How do you escape from a vat of acid without getting wounded? You can’t, at least according to Teller. The famous magician, one half of the comedy magic duo Penn & Teller, was brought in to be the magic consultant on the Peacock show Mrs. Davis, and had to explain that: yeah, probably not.
“They had thought that maybe there was a way to drop somebody actually into a vat of acid and have that person go away without any injury,” Teller says. “As one who has done the bullet catch, I can tell you those life and death things are not things you mess with.”
As magic consultant on the show, Teller was asked to read the scripts for anything that was related to magic — that means correcting terminology, and making sure stage performances looked and felt right.
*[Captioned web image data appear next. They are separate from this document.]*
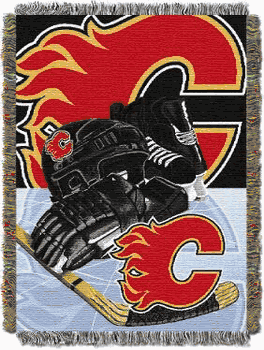 NHL Calgary Flames Home Ice Advantage Tapestry Throw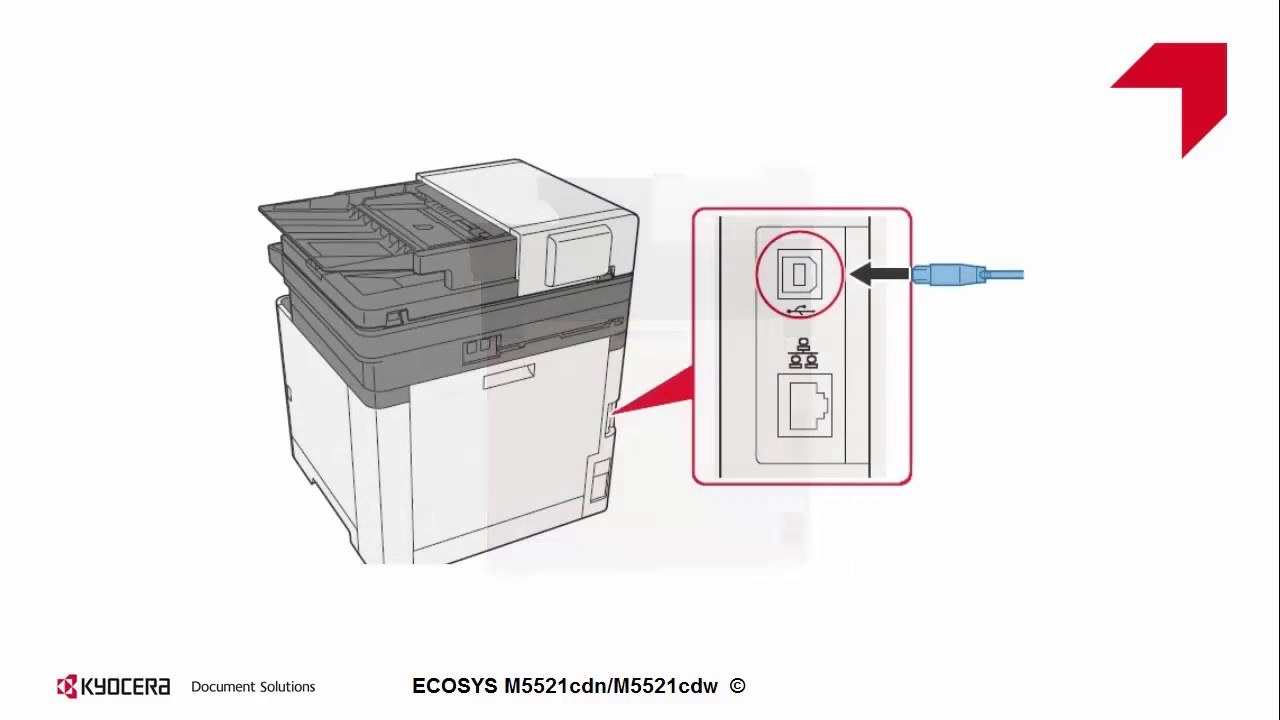 ECOSYS M5521cdn  Instalación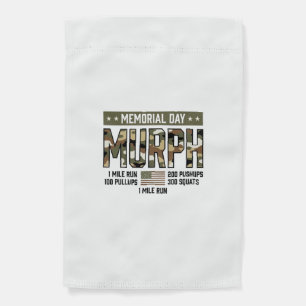 Memorial Day Murph Workout Vintage Vector Shirt (2 Garden Flag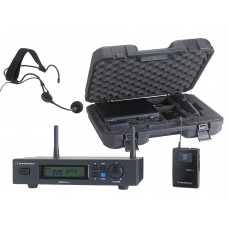 Audiophony PACK-UHF410-Head-F8  - Set inclusief een UHF True Diversity ontvanger + een bodypack en een headset in een transportkoffer - 800MHz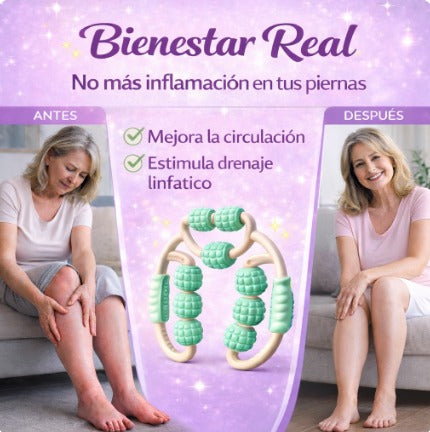 RODILLO MASAJEADOR ANTICELULITIS - DIVINA ROLL 🌸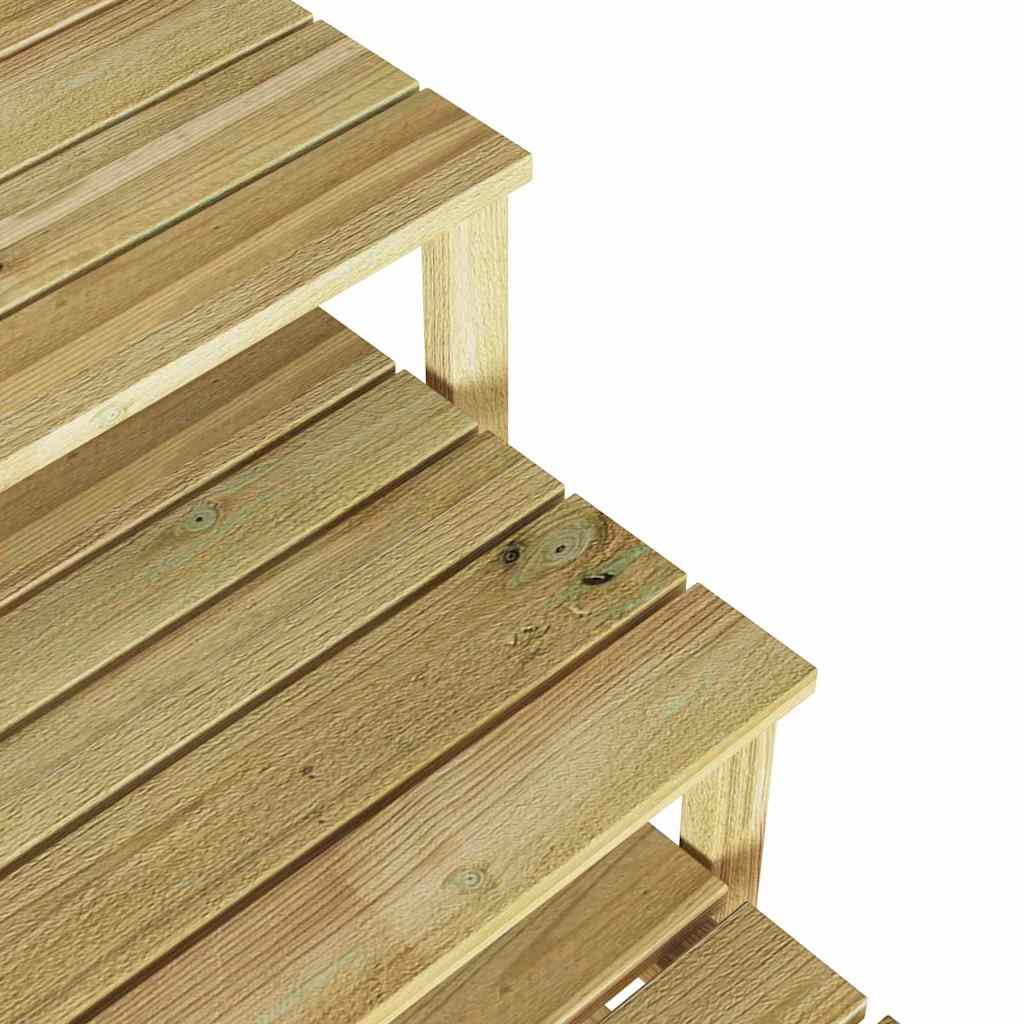 Tisch 3 pcs Natur Imprägniertes Kiefernholz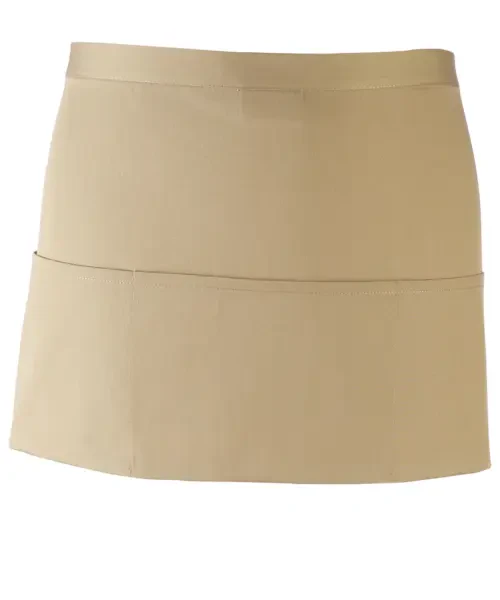 Premier Colours 3-pocket Apron Khaki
It was Teller who pushed the show to do real sleight of hand, even when it was Young Simone revealing a card to the audience. “People who write about magic write as if magic is just special effects,” he says, bemoaning the impossible things he’s seen magic in TV and movies do.
But Mrs. Davis — with all its interrogation of reality and faith — needed to go further. “[The creators are] very conscious that they’re using a cheesy magic act that needs to feel real, as a sort of central metaphor, to tie all of these different themes of religion and stuff together. So it seemed to them — and I agree with them totally — important to take it as a level of reality that is not customarily taken in the cinema and television.”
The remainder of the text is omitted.